3. The Wild Rover – The Clancy Brothers with Tommy Makem
This entertaining ditty – a staple of Irish pubs the world over – gets you clapping and stomping at just the right times. I have long suspected – and Wikipedia kindly confirms – that the “right up yer kilt!” refrain commonly shouted after the “No, Nay, Never” line of the chorus suggests the song may originally have been Scots, not Irish. In fact, in its Scottish incarnation, it may have been a temperance song, a redemptive story of leaving alcohol behind. The afore-mentioned tee-totalling Scottish mother? Is very pleased to learn this. And hoping I take notes.

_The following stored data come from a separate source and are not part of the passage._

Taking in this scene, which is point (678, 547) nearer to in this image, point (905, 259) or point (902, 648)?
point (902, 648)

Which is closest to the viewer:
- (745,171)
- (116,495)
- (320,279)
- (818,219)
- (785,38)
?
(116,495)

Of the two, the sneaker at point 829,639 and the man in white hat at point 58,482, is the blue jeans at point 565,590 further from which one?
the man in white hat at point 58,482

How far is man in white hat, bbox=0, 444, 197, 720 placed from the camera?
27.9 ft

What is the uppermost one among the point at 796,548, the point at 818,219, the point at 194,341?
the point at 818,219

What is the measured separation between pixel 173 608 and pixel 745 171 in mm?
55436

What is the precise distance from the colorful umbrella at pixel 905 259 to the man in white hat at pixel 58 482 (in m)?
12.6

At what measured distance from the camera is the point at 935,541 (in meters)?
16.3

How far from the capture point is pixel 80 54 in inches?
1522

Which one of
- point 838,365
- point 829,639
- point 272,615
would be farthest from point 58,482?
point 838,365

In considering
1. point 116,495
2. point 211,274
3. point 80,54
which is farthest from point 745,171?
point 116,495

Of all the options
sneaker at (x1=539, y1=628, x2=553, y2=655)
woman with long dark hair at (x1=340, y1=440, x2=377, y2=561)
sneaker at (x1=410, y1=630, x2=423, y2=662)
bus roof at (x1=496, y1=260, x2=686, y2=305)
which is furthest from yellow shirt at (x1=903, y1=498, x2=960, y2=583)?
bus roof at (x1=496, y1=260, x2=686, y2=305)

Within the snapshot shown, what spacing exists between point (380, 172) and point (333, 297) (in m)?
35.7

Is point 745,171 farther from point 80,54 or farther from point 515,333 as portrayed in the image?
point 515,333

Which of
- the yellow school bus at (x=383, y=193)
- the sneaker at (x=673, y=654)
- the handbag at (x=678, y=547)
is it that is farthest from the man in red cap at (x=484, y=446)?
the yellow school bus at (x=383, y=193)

In the ironies of cultural export, however, “The Wild Rover” has become one of the best-known Irish drinking songs. Hey, we Scots aren’t really known for our pubs. Note that either way, the narrator is that same fey underdog outsider who runs through Celtic bardic tradition. And that here, the Clancy Brothers call it “an Australian song.” Ah, those Scots and Irish sure do get around.

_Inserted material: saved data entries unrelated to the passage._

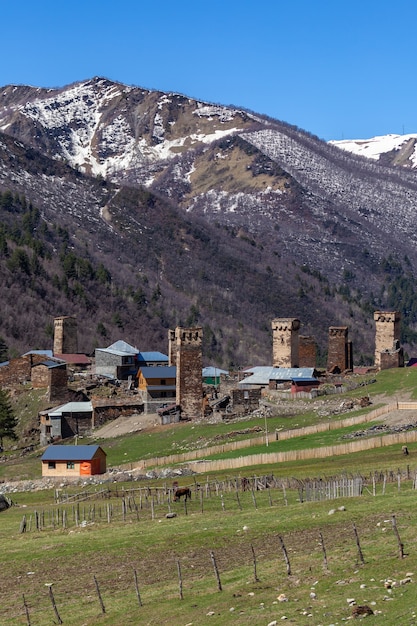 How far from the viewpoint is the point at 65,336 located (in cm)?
13175

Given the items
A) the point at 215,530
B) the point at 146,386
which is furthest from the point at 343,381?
the point at 215,530

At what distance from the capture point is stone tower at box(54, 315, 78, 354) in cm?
13162

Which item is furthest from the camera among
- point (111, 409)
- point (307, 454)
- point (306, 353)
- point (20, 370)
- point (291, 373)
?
point (20, 370)

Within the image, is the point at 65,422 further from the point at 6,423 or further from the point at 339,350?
the point at 339,350

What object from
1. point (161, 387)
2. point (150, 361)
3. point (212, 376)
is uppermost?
point (150, 361)

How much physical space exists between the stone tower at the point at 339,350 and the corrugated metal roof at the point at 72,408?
2204 centimetres

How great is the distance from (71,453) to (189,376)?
22773 millimetres

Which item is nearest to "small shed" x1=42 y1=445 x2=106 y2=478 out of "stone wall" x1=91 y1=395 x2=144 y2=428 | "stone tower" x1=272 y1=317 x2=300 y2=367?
"stone wall" x1=91 y1=395 x2=144 y2=428

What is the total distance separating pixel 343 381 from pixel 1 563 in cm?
5843

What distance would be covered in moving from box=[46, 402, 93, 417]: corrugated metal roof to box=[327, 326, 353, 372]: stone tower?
72.3 ft

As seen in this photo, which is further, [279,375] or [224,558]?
[279,375]

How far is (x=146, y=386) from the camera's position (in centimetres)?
9962

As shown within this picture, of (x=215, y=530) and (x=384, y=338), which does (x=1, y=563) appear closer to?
(x=215, y=530)

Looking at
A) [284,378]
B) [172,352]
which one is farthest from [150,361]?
[284,378] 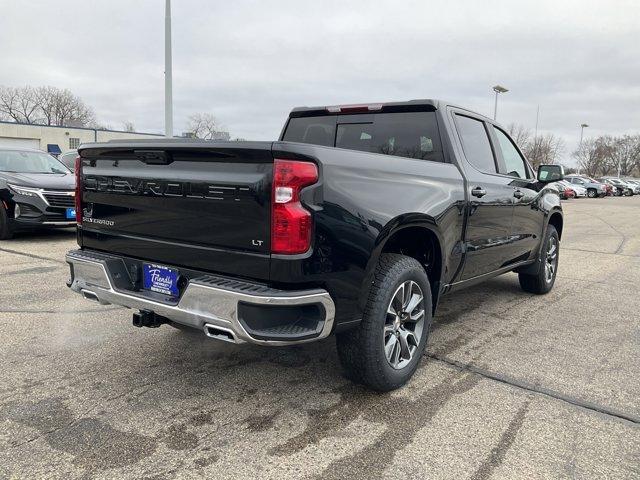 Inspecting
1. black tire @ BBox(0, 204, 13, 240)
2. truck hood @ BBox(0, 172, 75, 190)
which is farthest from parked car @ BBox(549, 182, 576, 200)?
black tire @ BBox(0, 204, 13, 240)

4. Whiskey in the Jar – The Dubliners
See theme 1, theme 2, theme 3, and a nice twist on theme 4: instead of tragic death, we have tragic betrayal. By a woman, but of course. Cultures based in masculine individualist heroism tend to render women either mothers, muses or monsters, easily bought by the baubles and power of The Establishment. Irish drinking songs – and Celtic music in general – are overwhelmingly anti-Establishment. And often slightly misogynist.
But, hey, there’s no accounting for taste: this remains one of my all-time favourites. An Irish classic from the 17th century, it’s been sung a hundred different ways over the years. I have a personal soft spot for the Grateful Dead cover, and Thin Lizzy and Metallica made it a rock-n-roll/metal staple for two consecutive generations, but for St. Paddy’s I’ve posted the more classic “Irish” stage version.
5. Over in Killarney – Oscar
And then, the topper, the ballad to mother, which me mother sang me herself in my childhood, and which I’ve sung to my own kids since their cradle days. There’s no liquor, and only a faint suggestion of tragic, lonely, impending doom: rather, this song covers the final theme of Irish music, and it covers it in spades: sentimentality.
In lieu of an, erm, professional cover, I offer my boy, a few Saint Patrick’s Days ago when he was only three, as tone-deaf as his mother and her mother before him, and couldn’t even pronounce the letter “l” in “toura-loura-loura…” Hey. It’s cute. And if a mother can’t be proud and clannish on the 17th of March, when, then, I ask you, can she be proud and clannish? 😉
This one’s for you, Mam. Top o’ the morning to ye, and happy St. Paddy’s.